» TASK TO CARRY OUT:
Transcribe, word for word, only the lines from the one containing "Detection of Aspergillus" through the end of the material below. Pictures stay out.

» DATA EXTRACTS:
>>>
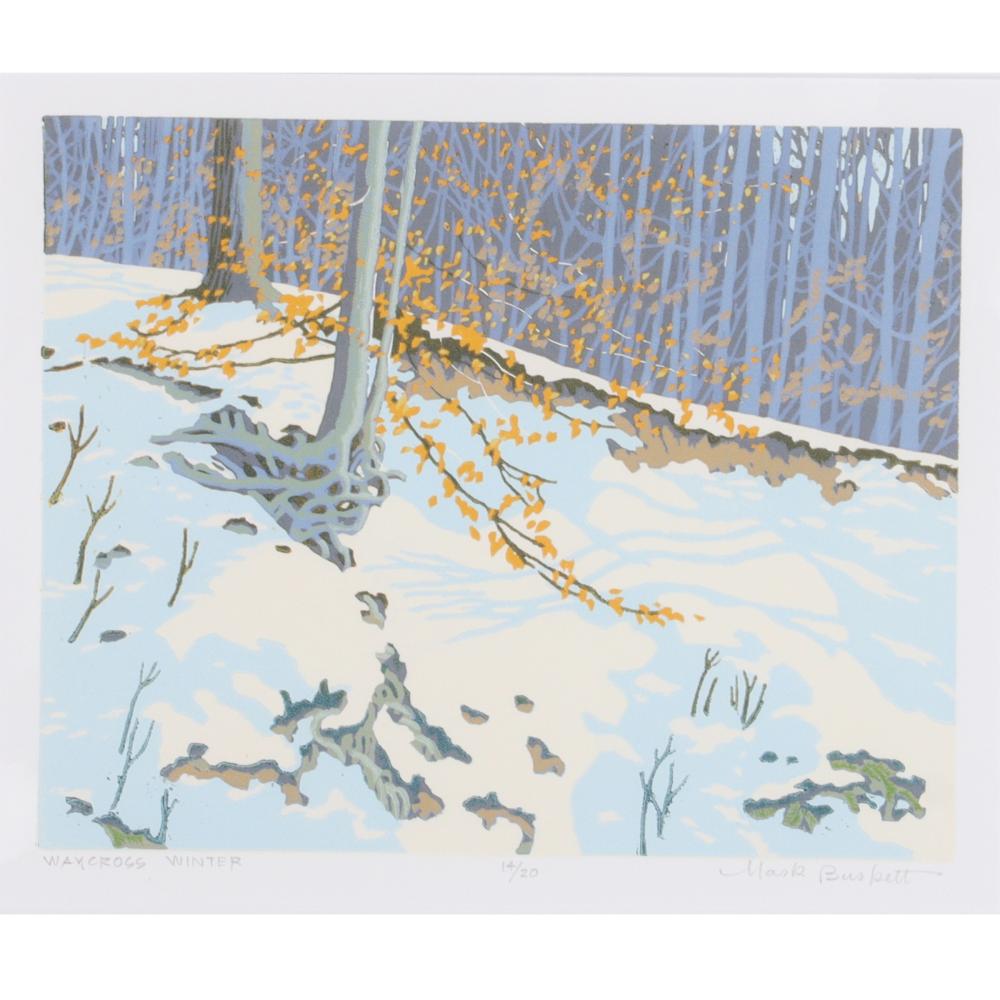 Appraisal: MARK BURKETT INDIANA B WAYCROSS WINTER COLOR WOODCUT H X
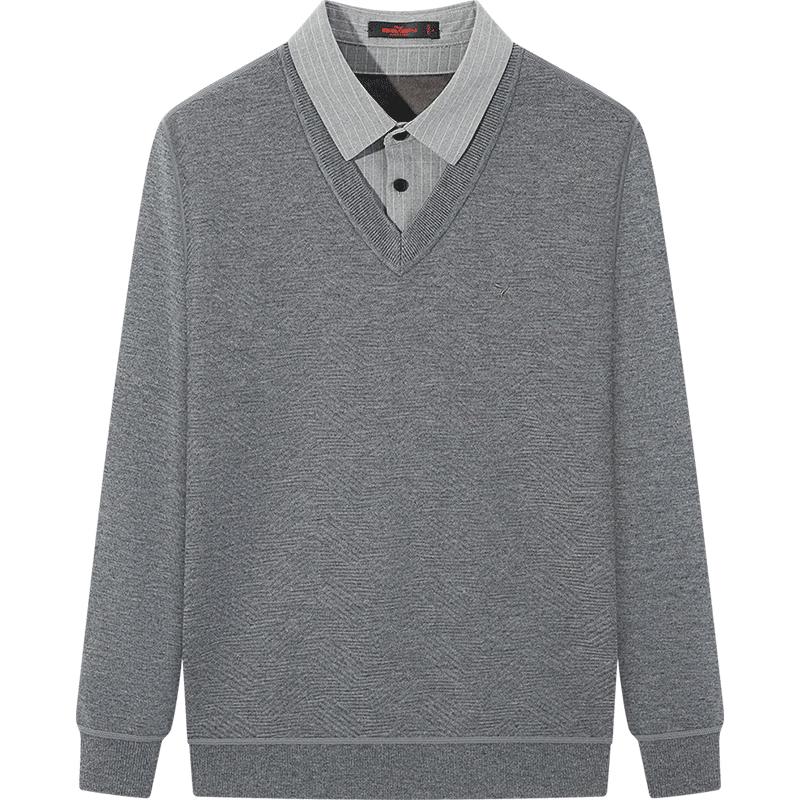 Qipai Men's Fleece-Lined Wool Blend Pullover Sweater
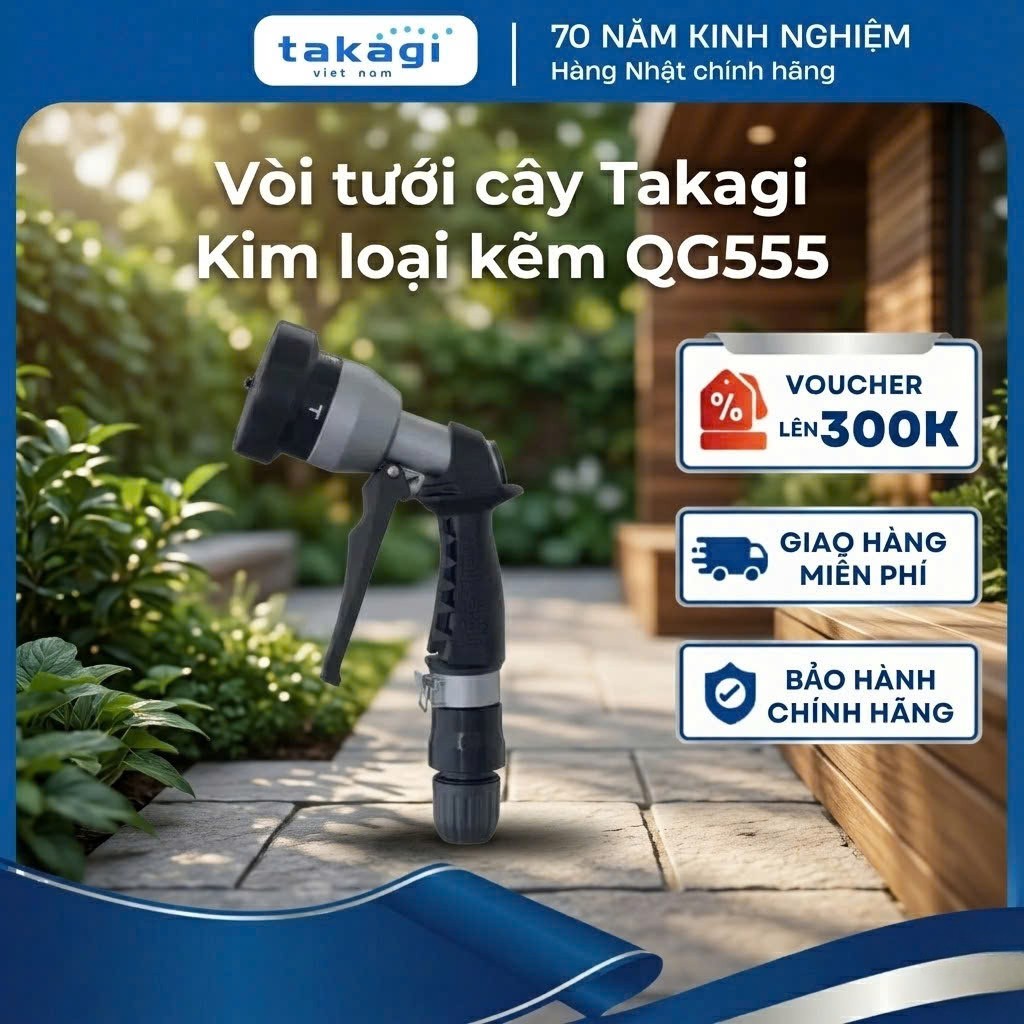 Vòi xịt tưới cây Takagi QG555 hợp kim kẽm chống gỉ 4 chế độ, súng xịt rửa xe dọn dẹp vệ sinh tăng áp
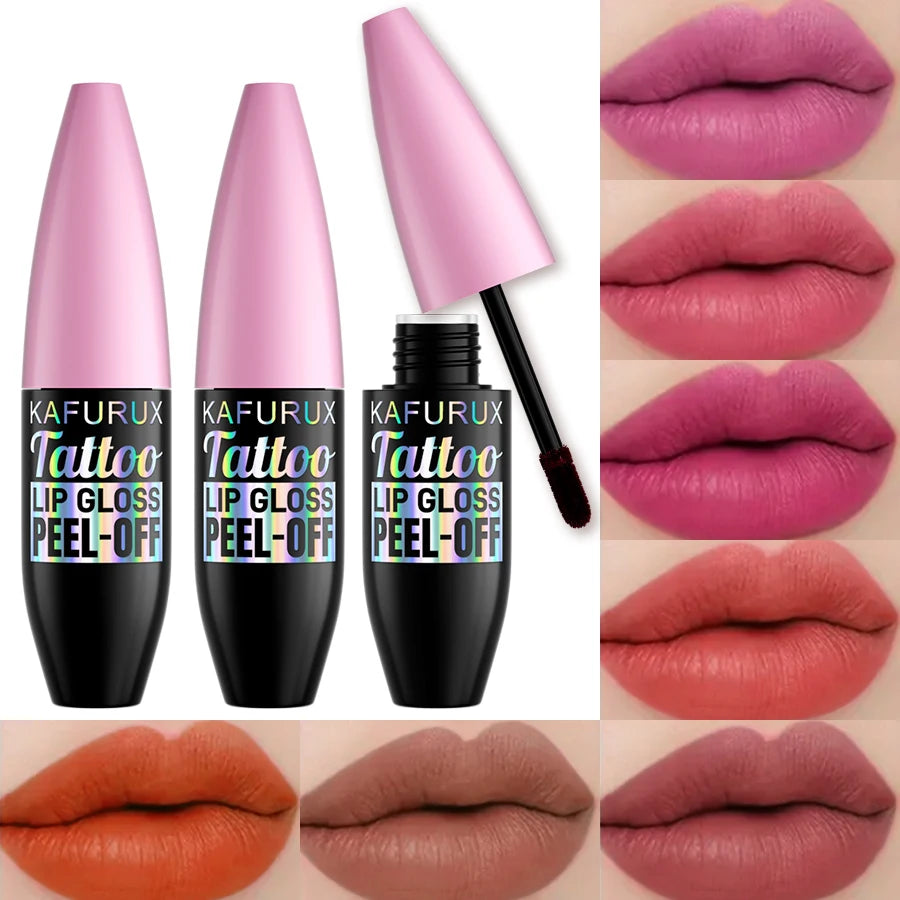 7 Colors Waterproof Lip Tint Peel Off Lip Liner Tattoo Lipgloss Long Lasting Matte Pink Red Brown Contour Makeup Lips Stain Gift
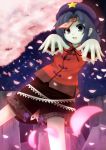  beret blue_eyes blue_hair cherry_blossoms geung_si hat jiangshi miyako_yoshika ofuda open_mouth outstretched_arms pale_skin petals ryu_(multitask) ryuu_(multitask) short_hair skirt smile solo star touhou zombie_pose 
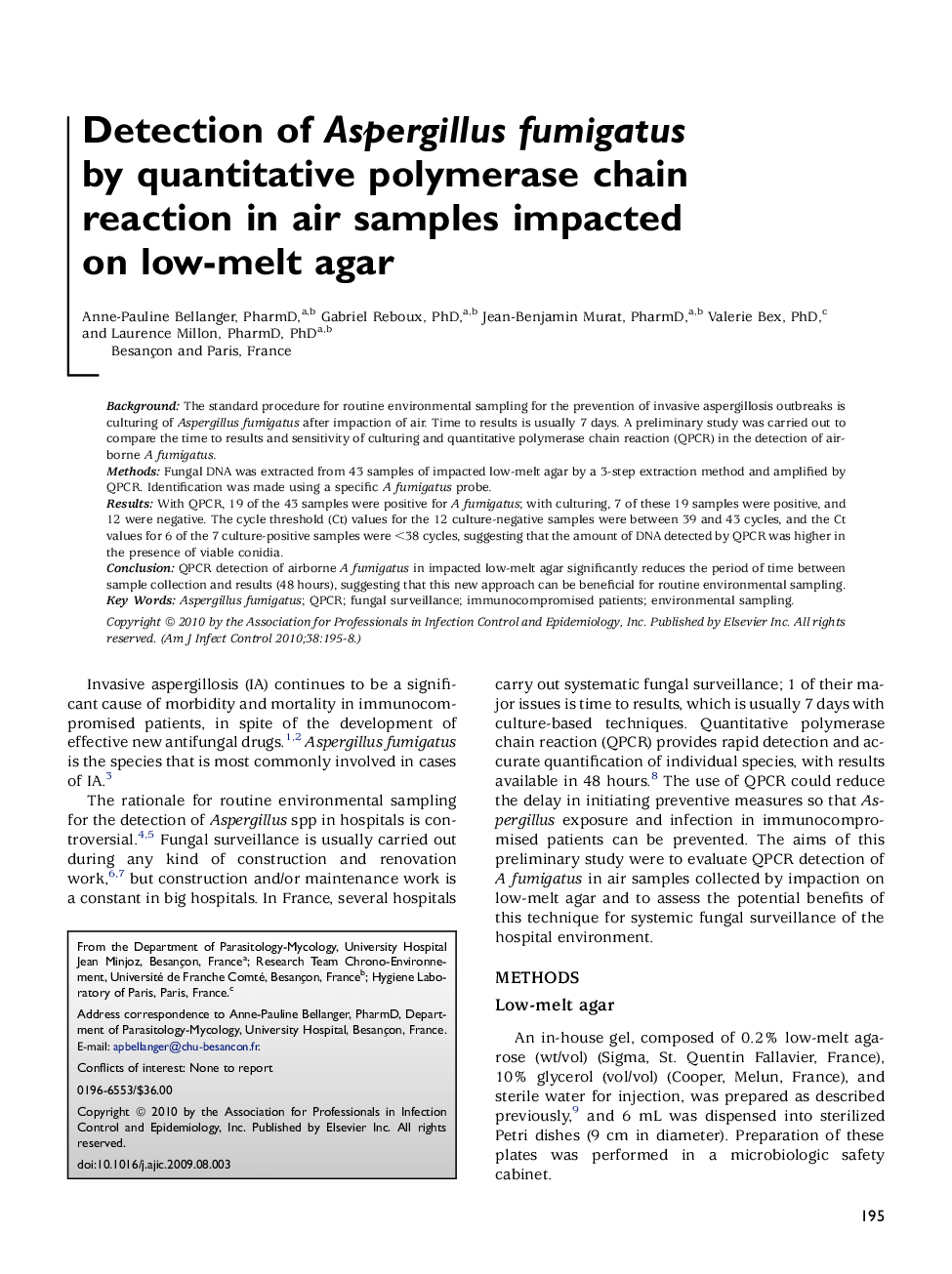 Detection of Aspergillus fumigatus by quantitative polymerase chain reaction in air samples impacted on low-melt agar 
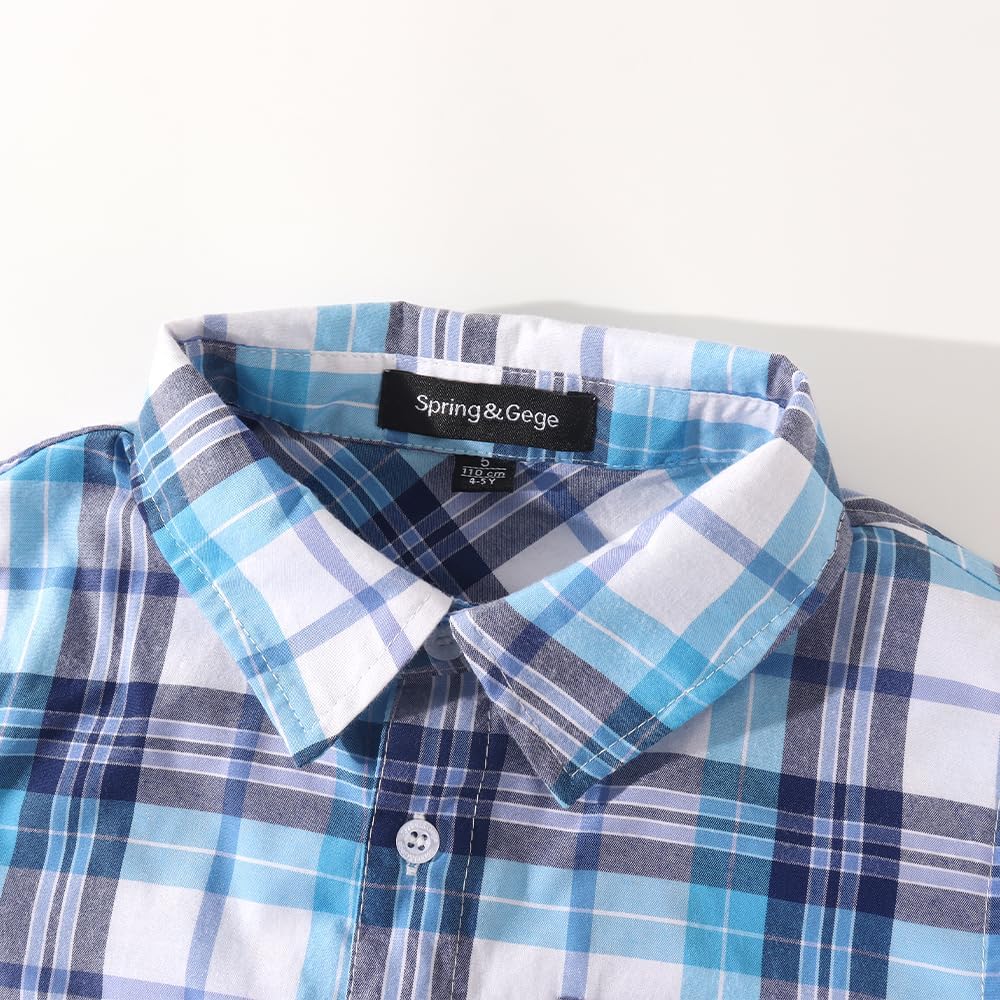 Boys' Short Sleeve Button Down Shirts Casual Woven Plaid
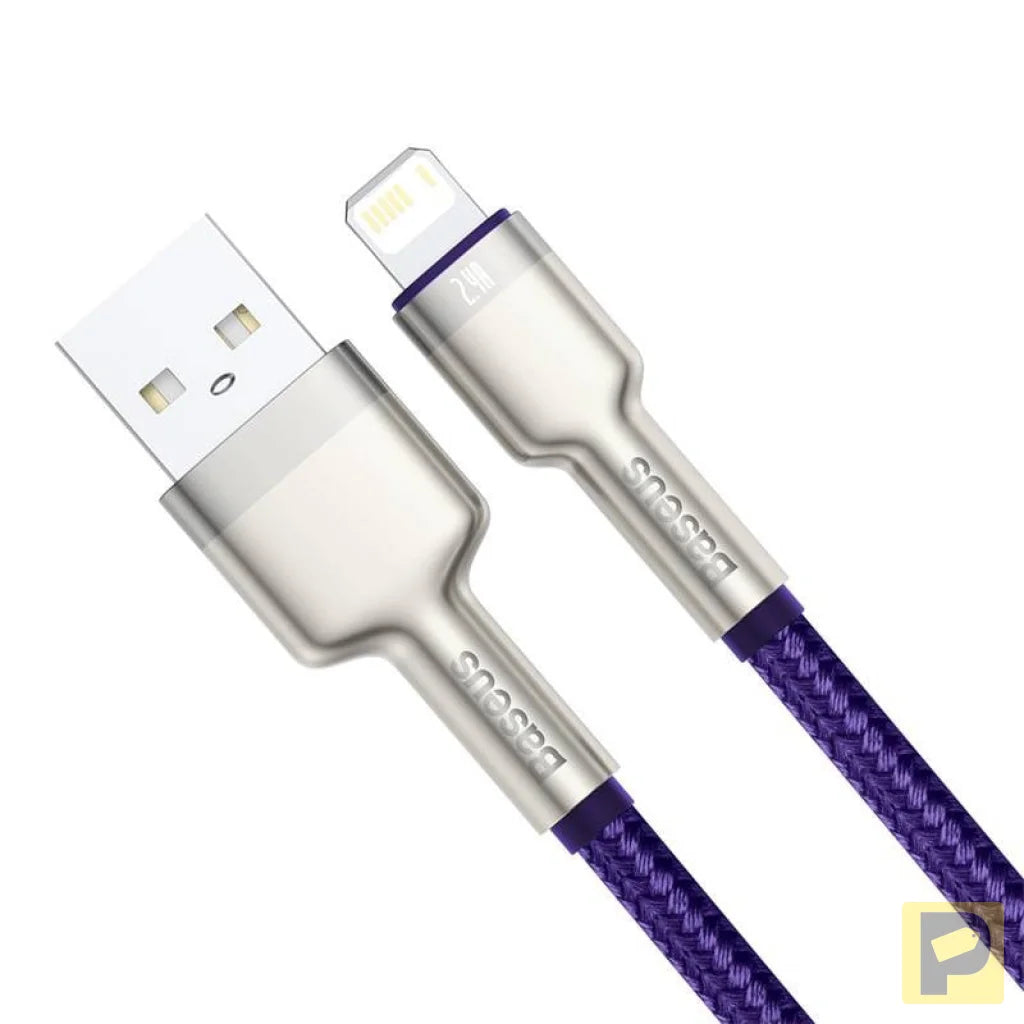 USB cable for Lightning Baseus Cafule, 2.4A, 1m (purple)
<<<
» ANSWER BOX:
 Detection of Aspergillus fumigatus by quantitative polymerase chain reaction in air samples impacted on low-melt agar 
 Boys' Short Sleeve Button Down Shirts Casual Woven Plaid
 USB cable for Lightning Baseus Cafule, 2.4A, 1m (purple)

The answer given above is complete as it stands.